→ Work to be completed
Transcribe, word for word, all of the entries below, and exclude any pictures from the copy.

----- Material to process

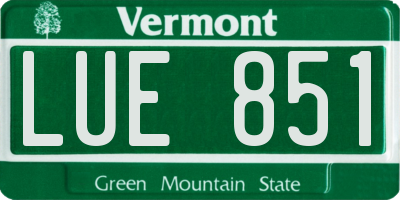 VT license plate LUE851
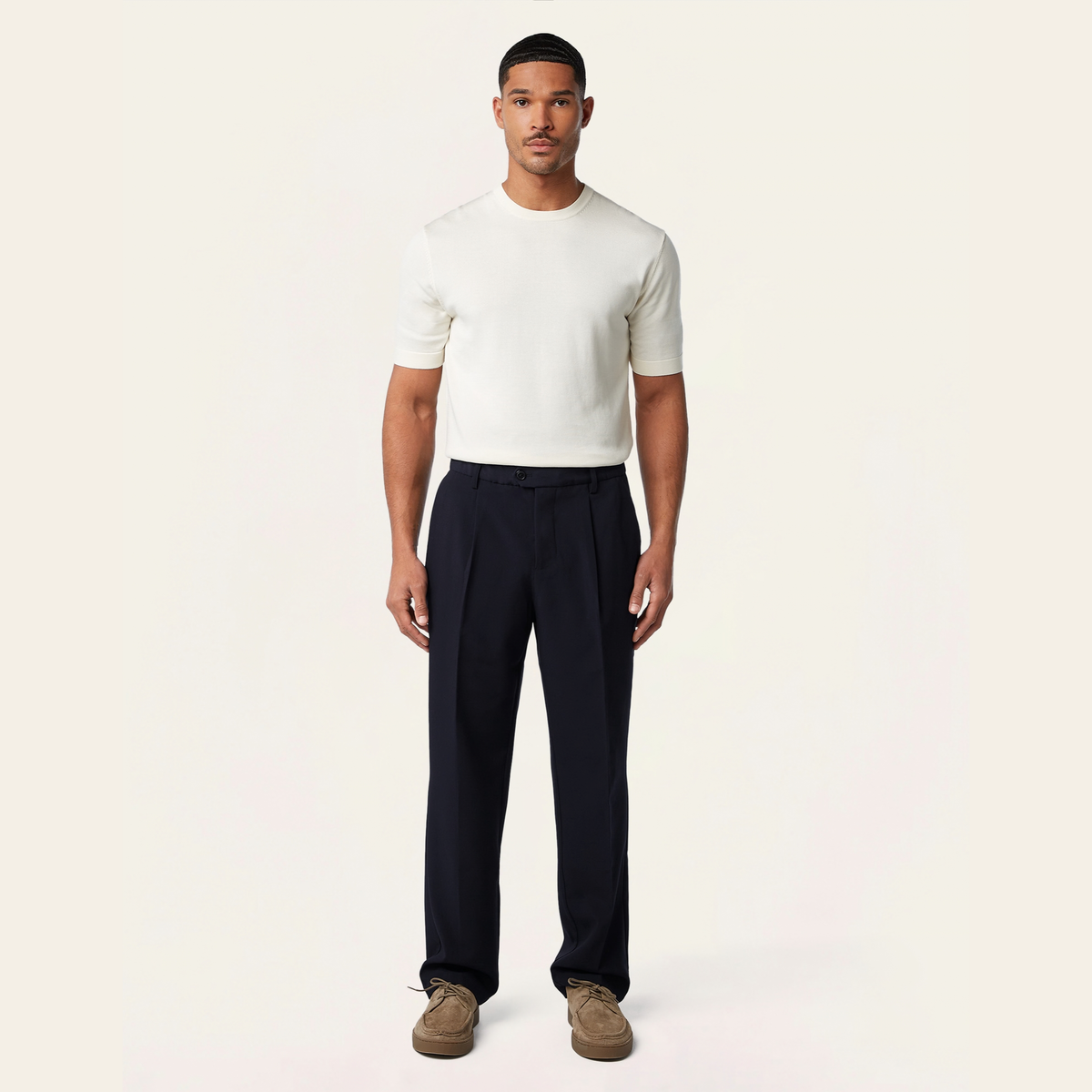 Straight Travel Pants Navy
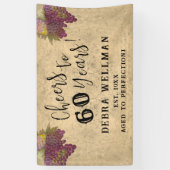 60e verjaardag wijn land thema gejuich tot 60 spandoek (Verticaal)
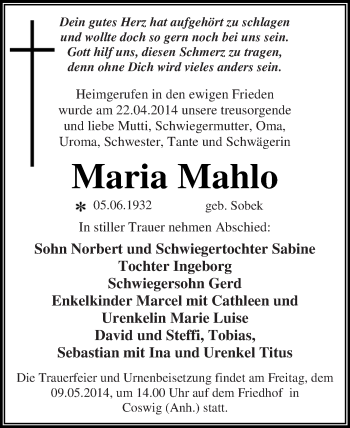 Traueranzeige von Maria Mahlo von WVG - Wochenspiegel Dessau / Köthen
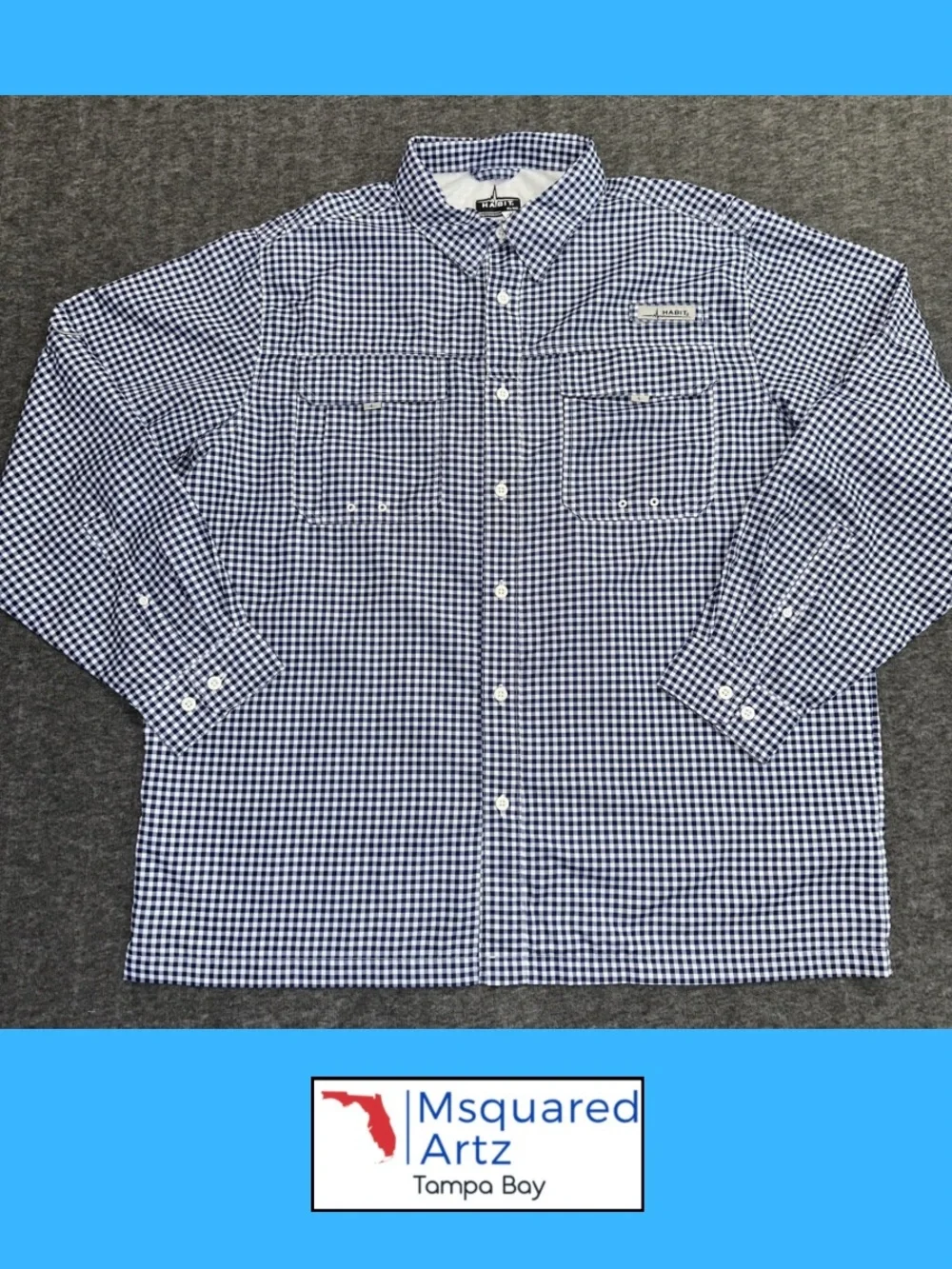 Habit River Guide Brookside Check Medieval Blue Fishing Shirt XL UPF 40 Vent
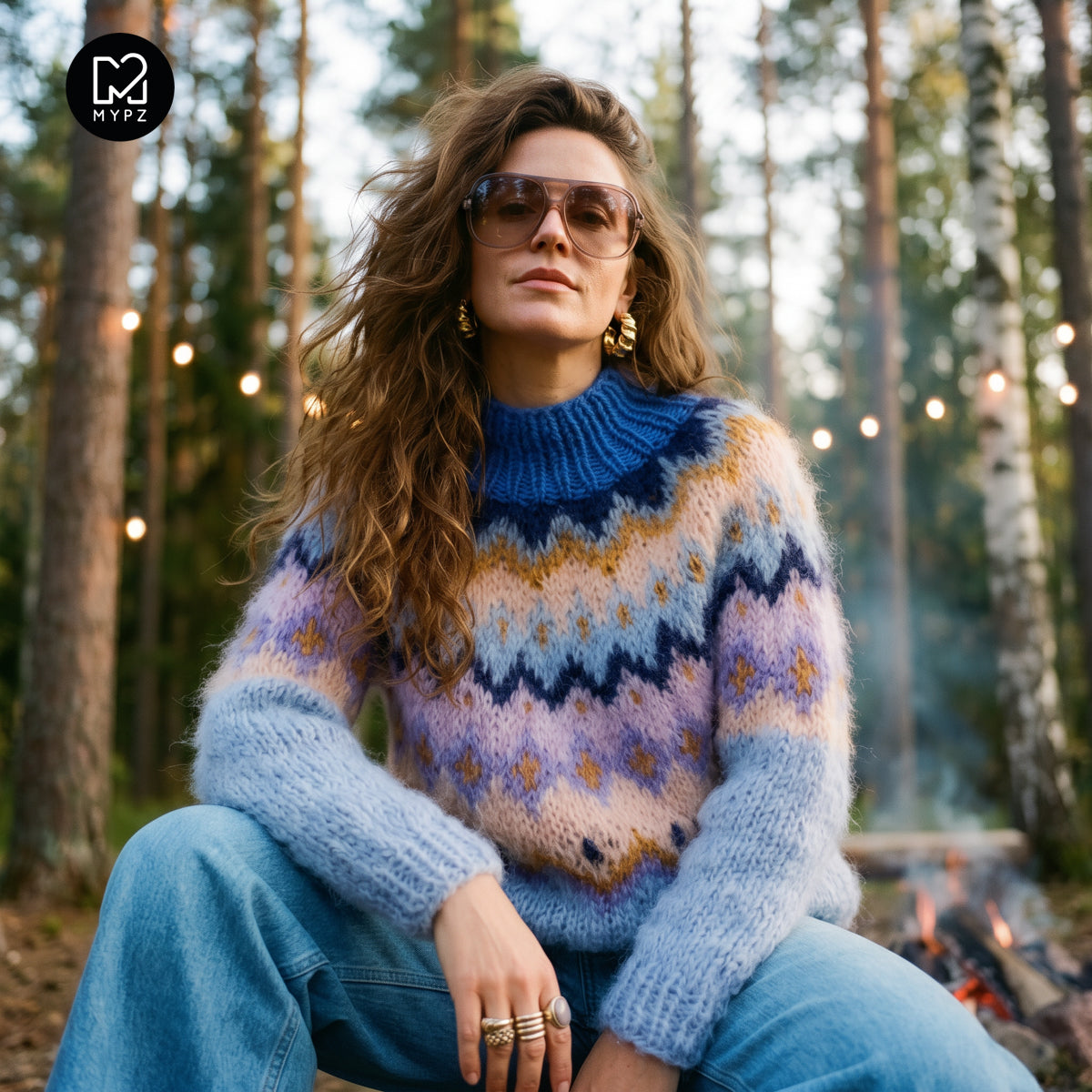 MYPZ  Chunky Topdown Mohair Pullover Blueberry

----------

→ Written reply
 VT license plate LUE851
 Straight Travel Pants Navy
 60e verjaardag wijn land thema gejuich tot 60 spandoek (Verticaal)
 Traueranzeige von Maria Mahlo von WVG - Wochenspiegel Dessau / Köthen
 Habit River Guide Brookside Check Medieval Blue Fishing Shirt XL UPF 40 Vent
 MYPZ  Chunky Topdown Mohair Pullover Blueberry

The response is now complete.